I am running this hashlib code and it runs almost all the way:
def generate_hashes(peaks, fan_value=DEFAULT_FAN_VALUE):
if PEAK_SORT:
sorted(peaks,key=itemgetter(1))
# bruteforce all peaks
peaks=list(peaks)
len_peaks=len(peaks)
for i in range(len_peaks):
for j in range(1, fan_value):
if (i + j) < len(peaks):
# take current & next peak frequency value
freq1 = peaks[i][IDX_FREQ_I]
freq2 = peaks[i + j][IDX_FREQ_I]
# take current & next -peak time offset
t1 = peaks[i][IDX_TIME_J]
t2 = peaks[i + j][IDX_TIME_J]
# get diff of time offsets
t_delta = t2 - t1
# check if delta is between min & max
if t_delta >= MIN_HASH_TIME_DELTA and t_delta <= MAX_HASH_TIME_DELTA:
h = hashlib.sha1(("%s|%s|%s") % (str(freq1), str(freq2), str(t_delta)))
yield (h.hexdigest()[0:FINGERPRINT_REDUCTION], t1)

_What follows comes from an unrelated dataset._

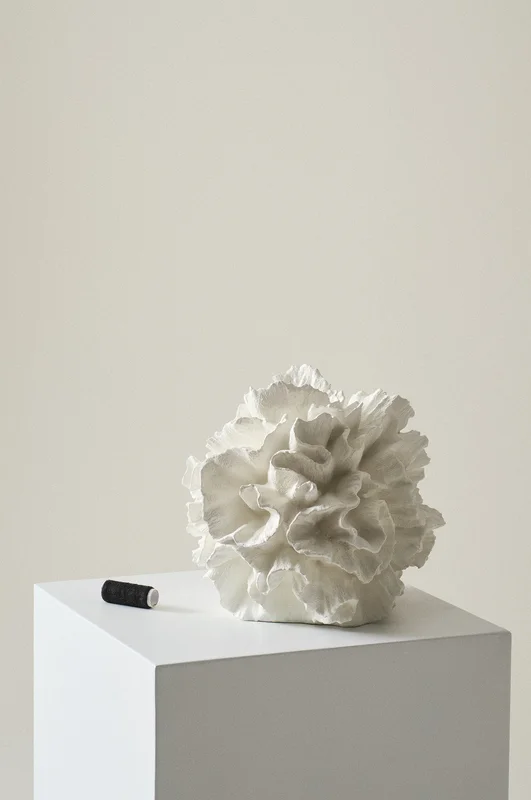 Jotex - Decoratie Gebroken Wit Gebroken wit - CORA - Koop Woonaccessoires bij Jotex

However, it returns this error:
h = hashlib.sha1(("%s|%s|%s") % (str(freq1), str(freq2), str(t_delta)))
TypeError: Unicode-objects must be encoded before hashing
I am honestly completely lost and don't know how to fix it. If you guys have any follow up questions regarding details about the code I will try my best to answer. Any feedback would be appreciated.
The answer is in the error message: use encode
on your text string before hashing.
h = hashlib.sha1(("%s|%s|%s" % (str(freq1), str(freq2), str(t_delta))).encode('utf-8'))
The reason this is necessary is because hashlib.sha1()
requires a bytes
object due to the way it works internally. Normal Python strings (since version 3.0) are made of Unicode codepoints, which don't fit into a byte. They need an encoding which defines how the translation between codepoints and bytes occurs. UTF-8 is the most popular encoding, because it can handle every Unicode codepoint yet remain backwards compatible with older encodings like ASCII.